To add to the confusion, for many decades, the title of “Duke of Devonshire” was preceded by the “Earl of Devonshire.” The Dukes of Devonshire historically have had few or no particular links to Devon, and have largely been closely-connected to Derbyshire in the north Midlands – their ancestral seat is Chatsworth House, which is near Chesterfield.

A quaint urban myth that has common traction in the south-west of England is therefore that the Dukedom was only established because some short-sighted civil servant during the reign of William III had misread “Duke of Derbyshire” during a ceremony of ennoblement.
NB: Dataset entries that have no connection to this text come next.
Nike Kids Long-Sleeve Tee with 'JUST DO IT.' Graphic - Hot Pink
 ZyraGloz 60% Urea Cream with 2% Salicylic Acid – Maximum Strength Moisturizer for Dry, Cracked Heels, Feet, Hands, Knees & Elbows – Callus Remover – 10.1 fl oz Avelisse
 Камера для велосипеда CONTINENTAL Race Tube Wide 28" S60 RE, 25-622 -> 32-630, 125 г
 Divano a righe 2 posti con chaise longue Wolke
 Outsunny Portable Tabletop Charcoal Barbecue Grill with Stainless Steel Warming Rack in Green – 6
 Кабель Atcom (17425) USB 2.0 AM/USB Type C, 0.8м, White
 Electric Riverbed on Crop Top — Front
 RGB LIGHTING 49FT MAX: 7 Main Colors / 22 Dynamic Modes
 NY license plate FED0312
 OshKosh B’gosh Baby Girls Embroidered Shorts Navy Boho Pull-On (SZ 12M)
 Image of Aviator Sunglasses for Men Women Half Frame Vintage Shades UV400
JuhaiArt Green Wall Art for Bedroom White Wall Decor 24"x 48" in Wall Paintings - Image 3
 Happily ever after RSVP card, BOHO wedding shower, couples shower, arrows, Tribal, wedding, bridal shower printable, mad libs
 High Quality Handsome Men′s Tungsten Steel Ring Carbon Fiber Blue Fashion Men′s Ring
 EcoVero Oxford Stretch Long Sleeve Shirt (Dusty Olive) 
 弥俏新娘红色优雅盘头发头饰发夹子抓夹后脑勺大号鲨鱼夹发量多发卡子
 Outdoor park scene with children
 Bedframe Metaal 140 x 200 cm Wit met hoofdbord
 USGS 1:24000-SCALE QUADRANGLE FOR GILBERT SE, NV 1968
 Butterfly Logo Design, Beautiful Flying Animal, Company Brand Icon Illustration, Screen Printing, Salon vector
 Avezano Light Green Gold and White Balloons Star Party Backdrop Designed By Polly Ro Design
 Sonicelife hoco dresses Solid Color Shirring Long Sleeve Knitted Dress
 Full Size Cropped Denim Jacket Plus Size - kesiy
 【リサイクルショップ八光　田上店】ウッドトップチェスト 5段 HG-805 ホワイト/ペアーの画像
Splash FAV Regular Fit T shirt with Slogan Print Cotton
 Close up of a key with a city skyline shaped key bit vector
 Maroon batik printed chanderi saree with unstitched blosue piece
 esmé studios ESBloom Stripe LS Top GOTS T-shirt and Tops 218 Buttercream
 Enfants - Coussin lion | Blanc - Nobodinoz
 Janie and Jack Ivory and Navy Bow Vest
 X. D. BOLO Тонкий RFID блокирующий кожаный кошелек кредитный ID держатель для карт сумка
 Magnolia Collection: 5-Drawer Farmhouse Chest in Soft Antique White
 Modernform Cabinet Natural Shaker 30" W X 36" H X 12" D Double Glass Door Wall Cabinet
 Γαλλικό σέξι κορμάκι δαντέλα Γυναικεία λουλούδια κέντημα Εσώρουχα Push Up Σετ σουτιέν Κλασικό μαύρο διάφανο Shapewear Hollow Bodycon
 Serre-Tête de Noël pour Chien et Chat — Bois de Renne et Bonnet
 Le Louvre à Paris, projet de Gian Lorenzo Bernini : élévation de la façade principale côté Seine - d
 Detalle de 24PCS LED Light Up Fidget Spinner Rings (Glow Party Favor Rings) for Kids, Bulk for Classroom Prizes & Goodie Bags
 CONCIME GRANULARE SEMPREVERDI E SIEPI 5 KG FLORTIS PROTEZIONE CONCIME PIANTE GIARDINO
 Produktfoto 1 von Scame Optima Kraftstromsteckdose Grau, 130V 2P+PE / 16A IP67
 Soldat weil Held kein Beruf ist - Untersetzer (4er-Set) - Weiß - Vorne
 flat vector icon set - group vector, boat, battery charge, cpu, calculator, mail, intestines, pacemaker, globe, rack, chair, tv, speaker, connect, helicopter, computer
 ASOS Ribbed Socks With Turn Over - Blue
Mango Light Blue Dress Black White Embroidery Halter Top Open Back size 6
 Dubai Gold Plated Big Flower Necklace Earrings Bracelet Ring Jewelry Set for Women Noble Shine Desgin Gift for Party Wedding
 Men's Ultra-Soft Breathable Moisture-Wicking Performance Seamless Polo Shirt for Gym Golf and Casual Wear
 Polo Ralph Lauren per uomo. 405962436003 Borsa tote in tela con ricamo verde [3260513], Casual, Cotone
To avoid embarrassment, the mistake was simply allowed to stick, and so Devon has had to put up with two aristocratic overlords ever since.

Although a charming notion, it is clearly untrue, given the prior history of the “Earldom of Devonshire.” That title appears to have been established in 1603, early in the reign of William’s great-grandfather, James I, but to reiterate, we are not certain why it was created. There had been no Earl of Devon since the days of Mary I, due to the Earl of the 1550s getting caught up in the Thomas Wyatt rebellion. It would have made more sense simply for James to revive the old title, but instead he created a new one.

This might have been okay, except that the Earldom of Devon was brought out of limbo in the 19th Century, and retroactively bestowed upon intervening generations of the Courtenays. The Dukedom of “Devonshire” was not done away with at the same time, and so the paradox of both the Cavendish and Courtenay families claiming supremacy over the county has remained in place ever since.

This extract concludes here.